## WHAT TO WORK ON
Only the lines from the one with "2018 WHITE /BLACK" through the end of the material are wanted, copied exactly and with the pictures left out.

## SUPPLIED INFORMATION
········

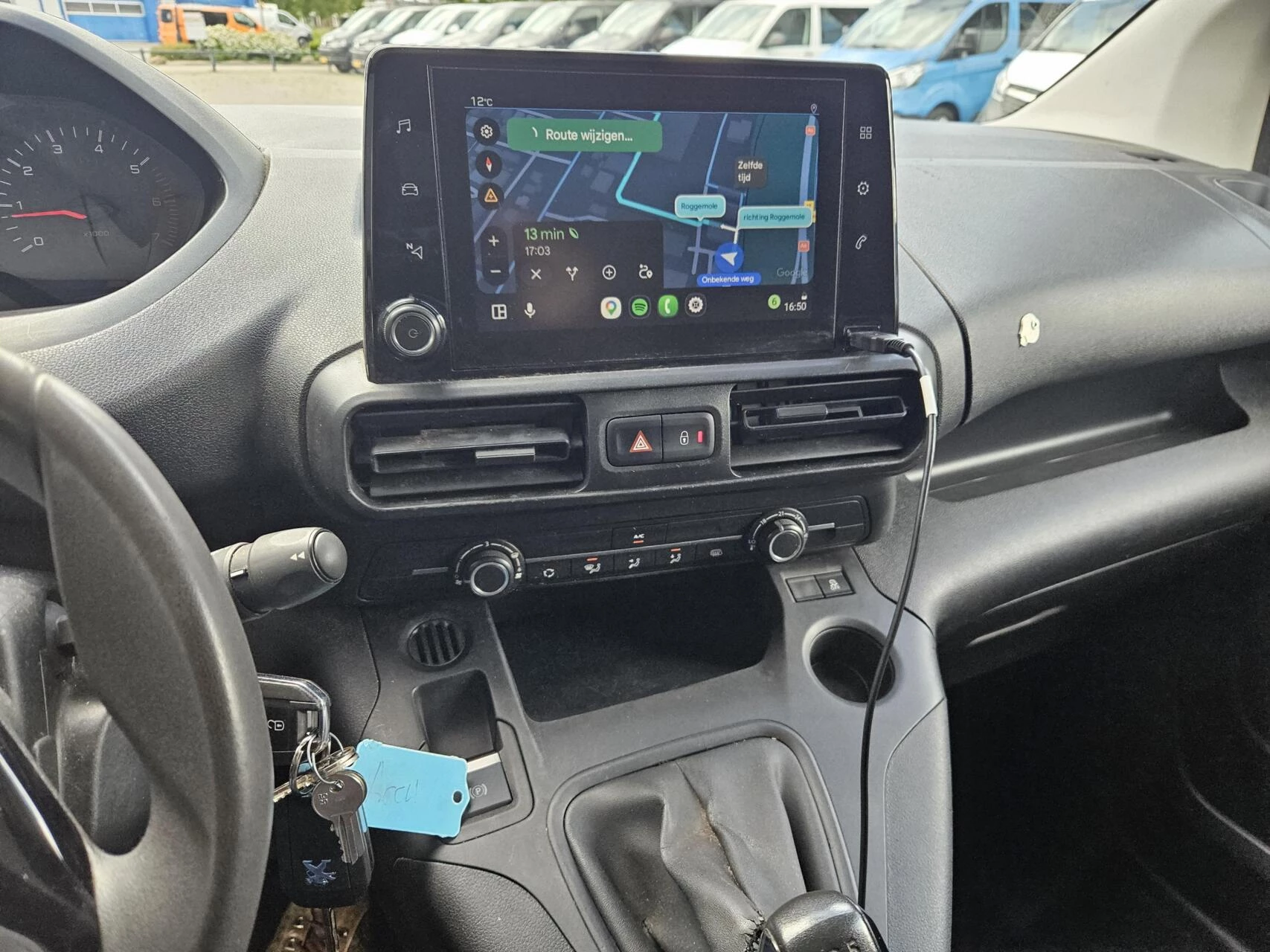 Hoofdafbeelding Peugeot Partner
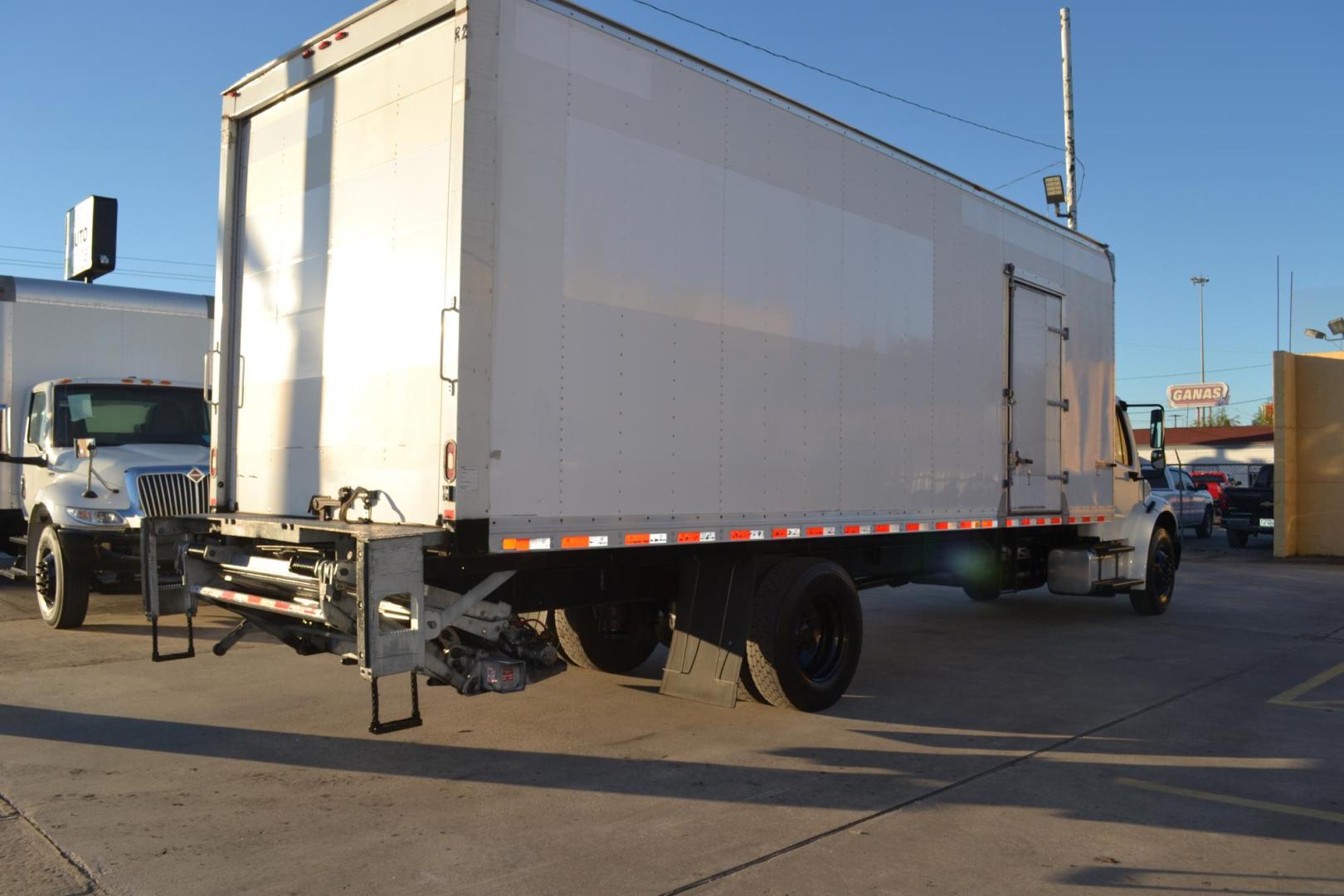 2018 WHITE /BLACK FREIGHTLINER M2-106 with an CUMMINS B6.7L 240HP engine, ALLISON 2500RDS AUTOMATIC transmission, located at 9172 North Fwy, Houston, TX, 77037, (713) 910-6868, 29.887470, -95.411903 - 26,000 LB GVWR NON CDL, MORGAN 26FT BOX, HEIGHT 103" X WIDTH 102", WALTCO 3,000 LB CAPACITY ALUMINUM LIFT GATE, AIR RIDE SUSPENSION,. DUAL 50 GALLON FUEL TANKS, POWER LOCKS & WINDOWS, - Photo#3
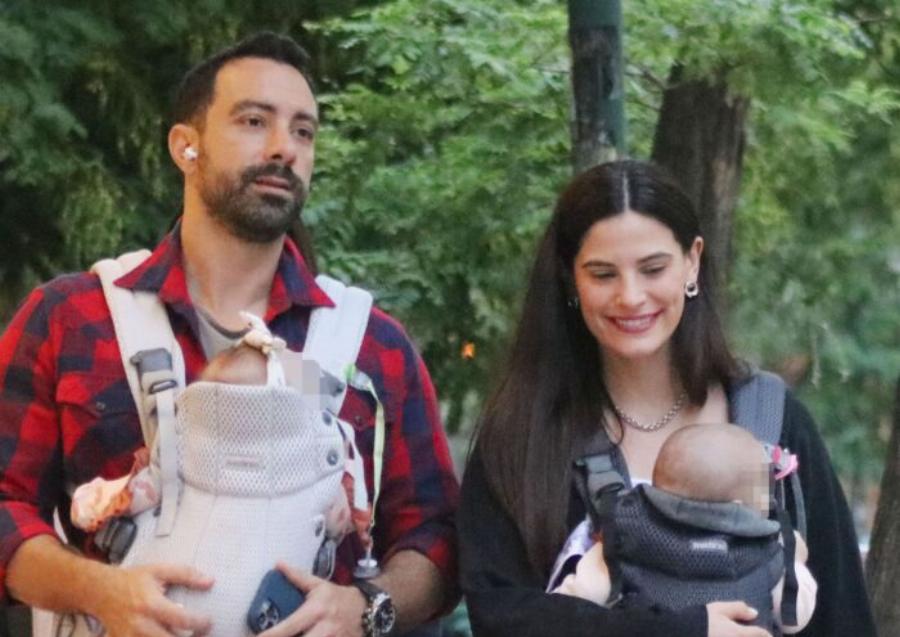 Περήφανοι γονείς: Το ζεύγος Τανιμανίδη δείχνει για πρώτη φορά τα πρόσωπα των παιδιών τους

········

## RESPONSE FOR THIS EXERCISE
 2018 WHITE /BLACK FREIGHTLINER M2-106 with an CUMMINS B6.7L 240HP engine, ALLISON 2500RDS AUTOMATIC transmission, located at 9172 North Fwy, Houston, TX, 77037, (713) 910-6868, 29.887470, -95.411903 - 26,000 LB GVWR NON CDL, MORGAN 26FT BOX, HEIGHT 103" X WIDTH 102", WALTCO 3,000 LB CAPACITY ALUMINUM LIFT GATE, AIR RIDE SUSPENSION,. DUAL 50 GALLON FUEL TANKS, POWER LOCKS & WINDOWS, - Photo#3
 Περήφανοι γονείς: Το ζεύγος Τανιμανίδη δείχνει για πρώτη φορά τα πρόσωπα των παιδιών τους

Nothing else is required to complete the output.